As posted by Jamie in his first post:

In addition to performance improvements, there are changes to the underlying data. The new implementation includes a large number of corrections across many assets and many fields.

Thanks for reply; I know they change some underlying data. I just want to confirm the new fundamental data is more accurate from Q's people because of the recent problems in new fundamental data. Besides, my back-testing result using the old data consistently beats the results with new data, especially the concentrate portfolio strategies (maybe it’s just coincidence!). I hope the change in new data should be accurate and reliable for Q's users. In my opinion, in a really great research environment should have abundant data and clean data, some important data for many user to back-testing like valuation ratios or some basic ratios should always be the same overtime no matter what the system improvement.

Stanley,

Thanks for reporting the differences. Donny is right about the fact that there are several data points that are being corrected in the new system, but it's still helpful to hear about major differences in backtest results. We are working on updating new fundamentals with another round of bug fixes in the next few days. These fixes are already available in research and will soon be available in algorithms and paper trading. I'll post back here when we push the update.

@Stanley,

I noticed corrections in Enterprise value.
Those corrections also reduced my returns. Constantino posted a while ago that he also had a drop in returns with the new Fundamentals.
Seems like it's not coincidence. Let's hope the bug fixes improve our returns ;-)..

@Jamie,

Maybe it's a bit off topic but from the introduction of the new Fundamentals up until a week ago I was only working in research.
I made a stupid mistake to not run a full backtest on my best performing algo with morningstar.
I think I remember the settings I used but I'm unable to replicate those returns now. I've been wondering for allmost a week if there also have been changes in the old morningstar?
My algo's with a yearly rebalancing frequency perform the same. Those with a higher rebalancing frequency not.
Am I losing my mind here or has something changed with morningstar or something else?

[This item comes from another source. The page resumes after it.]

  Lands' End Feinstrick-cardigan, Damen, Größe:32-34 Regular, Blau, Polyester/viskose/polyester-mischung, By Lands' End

Donny, nothing was intentionally changed with the old fundamentals API, and we haven't had any other reports of changes in algos that use the old API. Unfortunately without the full backtest, I don't have a good way to compare the results. If you happen to find a full backtest that achieves the same results that you are remembering, please let me know so that we can compare it to the new result.

We pushed out fixes for all the remaining known issues with the new fundamentals API. We still expect differences to exist between the old and new systems. When looking at differences between the old and new API, it can be helpful to look at the 'asof dates' of the field in question. For example, I've attached a modified version of Stanley's notebook from earlier in this thread which displays the 'asof dates' for PB ratio. You can see that the differences in values are due to the fact that the new system is picking up more recent data points that were missed in the old system.

Another source of differences for fields coming from earnings reports is that preliminary reports were sometimes being picked up in the old system. This is no longer the case in the new system, so the values you see in the new system will be as reported (picks up restatements when they occur).

If anyone still sees differences that they don't believe are explained by either of the changes I mentioned above, please let me know. Barring any other major bugs being discovered, we plan to redirect the old API to start pointing at the new system on Wednesday, Nov. 1.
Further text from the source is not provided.